Material supplied Start Marker

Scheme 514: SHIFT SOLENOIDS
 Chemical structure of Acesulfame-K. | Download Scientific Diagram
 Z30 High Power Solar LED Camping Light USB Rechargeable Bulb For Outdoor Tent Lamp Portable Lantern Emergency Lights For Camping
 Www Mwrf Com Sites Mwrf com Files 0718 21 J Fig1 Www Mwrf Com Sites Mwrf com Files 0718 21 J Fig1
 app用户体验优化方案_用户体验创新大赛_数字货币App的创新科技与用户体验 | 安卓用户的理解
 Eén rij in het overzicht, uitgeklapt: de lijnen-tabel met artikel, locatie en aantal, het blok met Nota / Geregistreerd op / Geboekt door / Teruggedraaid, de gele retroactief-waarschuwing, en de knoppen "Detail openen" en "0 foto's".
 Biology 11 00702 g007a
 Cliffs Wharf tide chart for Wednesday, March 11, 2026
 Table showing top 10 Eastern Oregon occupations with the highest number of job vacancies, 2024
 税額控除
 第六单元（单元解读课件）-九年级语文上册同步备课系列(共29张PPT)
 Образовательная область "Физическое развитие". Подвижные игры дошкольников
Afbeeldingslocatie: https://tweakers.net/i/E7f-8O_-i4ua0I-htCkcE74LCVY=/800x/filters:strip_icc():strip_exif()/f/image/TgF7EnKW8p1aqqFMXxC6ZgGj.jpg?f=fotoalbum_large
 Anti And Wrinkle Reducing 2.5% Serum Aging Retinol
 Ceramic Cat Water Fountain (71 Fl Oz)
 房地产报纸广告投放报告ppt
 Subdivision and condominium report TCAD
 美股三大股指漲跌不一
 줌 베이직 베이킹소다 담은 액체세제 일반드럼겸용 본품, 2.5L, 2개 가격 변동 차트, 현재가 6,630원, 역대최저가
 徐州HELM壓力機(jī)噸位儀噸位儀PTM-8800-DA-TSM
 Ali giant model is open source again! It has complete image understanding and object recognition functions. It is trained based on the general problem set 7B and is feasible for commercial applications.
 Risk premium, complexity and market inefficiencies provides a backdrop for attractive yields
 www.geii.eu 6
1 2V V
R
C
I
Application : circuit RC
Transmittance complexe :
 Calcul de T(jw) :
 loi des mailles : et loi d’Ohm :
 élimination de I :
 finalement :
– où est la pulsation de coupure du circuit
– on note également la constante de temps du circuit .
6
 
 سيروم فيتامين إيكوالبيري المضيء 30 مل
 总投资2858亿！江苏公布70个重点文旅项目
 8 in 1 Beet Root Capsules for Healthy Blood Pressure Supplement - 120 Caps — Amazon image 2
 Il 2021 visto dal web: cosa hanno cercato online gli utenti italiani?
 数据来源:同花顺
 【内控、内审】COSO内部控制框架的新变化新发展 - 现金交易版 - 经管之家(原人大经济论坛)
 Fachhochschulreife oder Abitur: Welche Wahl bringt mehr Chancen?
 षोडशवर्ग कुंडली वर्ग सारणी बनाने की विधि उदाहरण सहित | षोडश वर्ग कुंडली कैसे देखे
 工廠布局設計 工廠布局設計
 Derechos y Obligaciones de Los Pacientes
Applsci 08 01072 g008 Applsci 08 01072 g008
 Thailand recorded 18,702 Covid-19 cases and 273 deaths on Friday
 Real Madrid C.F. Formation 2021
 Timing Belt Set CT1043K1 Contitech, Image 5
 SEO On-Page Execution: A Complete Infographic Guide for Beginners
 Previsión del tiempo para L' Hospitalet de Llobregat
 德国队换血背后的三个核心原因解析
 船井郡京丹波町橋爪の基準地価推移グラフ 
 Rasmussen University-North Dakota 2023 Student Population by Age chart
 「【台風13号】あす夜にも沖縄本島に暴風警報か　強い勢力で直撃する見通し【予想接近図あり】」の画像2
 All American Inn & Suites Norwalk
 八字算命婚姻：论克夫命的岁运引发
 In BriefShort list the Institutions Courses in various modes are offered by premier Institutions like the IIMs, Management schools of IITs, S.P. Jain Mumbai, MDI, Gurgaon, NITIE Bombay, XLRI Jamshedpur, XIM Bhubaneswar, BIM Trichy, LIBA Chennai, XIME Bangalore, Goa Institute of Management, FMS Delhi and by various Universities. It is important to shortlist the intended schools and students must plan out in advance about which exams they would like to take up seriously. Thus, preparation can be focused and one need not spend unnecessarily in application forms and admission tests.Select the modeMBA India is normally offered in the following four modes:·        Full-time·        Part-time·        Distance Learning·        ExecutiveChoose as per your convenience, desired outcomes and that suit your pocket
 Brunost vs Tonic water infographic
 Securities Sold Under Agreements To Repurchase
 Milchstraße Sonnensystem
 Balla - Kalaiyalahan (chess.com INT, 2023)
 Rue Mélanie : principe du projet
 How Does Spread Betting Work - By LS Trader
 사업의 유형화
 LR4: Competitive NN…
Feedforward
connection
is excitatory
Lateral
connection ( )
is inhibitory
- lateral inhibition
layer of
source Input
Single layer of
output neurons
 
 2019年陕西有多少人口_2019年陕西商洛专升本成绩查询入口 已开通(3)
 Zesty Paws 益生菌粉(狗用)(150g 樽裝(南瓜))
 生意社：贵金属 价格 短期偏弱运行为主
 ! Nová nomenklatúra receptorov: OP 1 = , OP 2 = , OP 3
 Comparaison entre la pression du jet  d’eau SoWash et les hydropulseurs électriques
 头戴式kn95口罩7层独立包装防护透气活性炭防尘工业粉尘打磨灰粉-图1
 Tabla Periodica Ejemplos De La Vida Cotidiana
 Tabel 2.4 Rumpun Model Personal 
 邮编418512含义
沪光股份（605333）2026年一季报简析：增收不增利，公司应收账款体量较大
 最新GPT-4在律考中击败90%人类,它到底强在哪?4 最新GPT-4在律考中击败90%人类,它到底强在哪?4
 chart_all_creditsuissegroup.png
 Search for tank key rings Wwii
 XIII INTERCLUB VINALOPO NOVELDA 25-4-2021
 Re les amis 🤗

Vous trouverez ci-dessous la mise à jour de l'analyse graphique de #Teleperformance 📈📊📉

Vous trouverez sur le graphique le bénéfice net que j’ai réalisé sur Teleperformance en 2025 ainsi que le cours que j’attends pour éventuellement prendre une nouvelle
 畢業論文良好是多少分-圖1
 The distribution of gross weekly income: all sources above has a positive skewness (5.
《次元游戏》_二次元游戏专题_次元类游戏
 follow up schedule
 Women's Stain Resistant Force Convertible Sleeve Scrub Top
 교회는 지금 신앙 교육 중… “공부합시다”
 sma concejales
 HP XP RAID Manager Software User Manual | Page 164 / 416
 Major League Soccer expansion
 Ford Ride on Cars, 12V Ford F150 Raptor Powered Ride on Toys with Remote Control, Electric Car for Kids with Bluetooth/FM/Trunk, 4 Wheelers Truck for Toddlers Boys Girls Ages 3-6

Material supplied End Marker

**Your assignment**. Please copy every line of the records above in which "with" appears.

**Expected answer**.
 Table showing top 10 Eastern Oregon occupations with the highest number of job vacancies, 2024
 Ford Ride on Cars, 12V Ford F150 Raptor Powered Ride on Toys with Remote Control, Electric Car for Kids with Bluetooth/FM/Trunk, 4 Wheelers Truck for Toddlers Boys Girls Ages 3-6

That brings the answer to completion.